His attitudes toward religion: Although I was wondering if this interpretation is inaccurate, given how much he read the Bible and theologians, etc. — I had the impression Arnold did not think that one should believe in religion enthusiastically ('Hebraism'). He believed we must keep it in firm bondage to secular intellectuality ('Hellenism') and only believe as much of it as feels comfortably uplifting.
He also criticizes 'doers,' whether it's liberal politicians who want to address sociopolitical ills without deliberating about what is the most agreeable way of doing it; or believers in religion who want to worship with 'fire and strength.' I imagine he wouldn't have approved of Martin Luther King Jr. at the time as he 'made people too uncomfortable.' What Matthew Arnold seems not to realize is that the cause of fixing the lack of coal in his neighbour's hearth will of course feel less urgent if his own hearth is well-filled — for emotional reasons rather than logical ones.
***
A passage or two suggests the duty of a cultivated person to spread enlightenment to other people. I have an absolute horror of telling anybody what to do, if it isn't sanctioned by their own conscience and free will. But now I perhaps get more why someone who felt intellectually strong and well read might want to bend others to her way of doing things; it cleared me up a little on the magisterial ways that my father's mother sometimes exemplified.

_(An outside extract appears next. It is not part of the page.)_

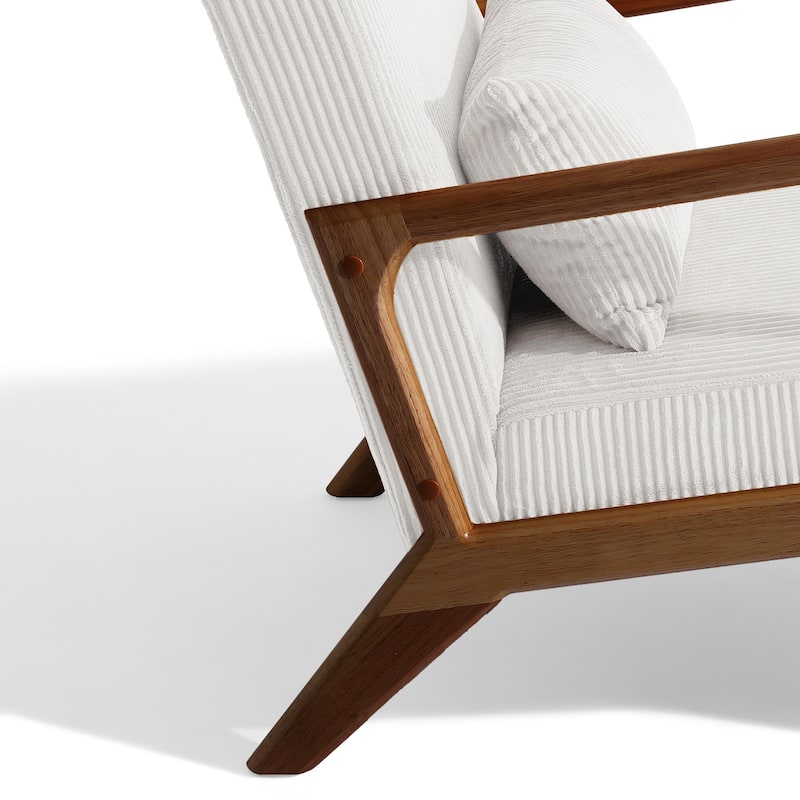 25" W Mid Century Upholstered Wood Accent Chair with Pillow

Ideally, Matthew Arnold's 'culture' is what I think of as 'cultivation.' The best books, the best music, the best philosophy, the best lessons from history and foreign affairs — learning all this and also steering to high principles. I am in favour of culture, with the modern meaning, as well as cultivation. But he rarely mentions it except when he mentions e.g. the painter Mr. Frith.
'Lower' culture lends colour to my days, it mirrors a broader part of the society around me and helps me feel less lonely, it inspires a few of the highest endeavours in the arts, and, like the proverbial flower in the wall, it is miraculous how it springs from the deserts of existence. It makes me happy, sometimes, and it makes me happier than the finest dialogue of Plato when things are not going so well because it is very much alive.
I also think, by the way, that religion can be a beautiful and helpful thing even if unleavened by classical philosophy and modern skepticism. Like any impulse toward a better understanding with one's fellow human beings and a kinder standard for one's self, it can be a cultivation in itself.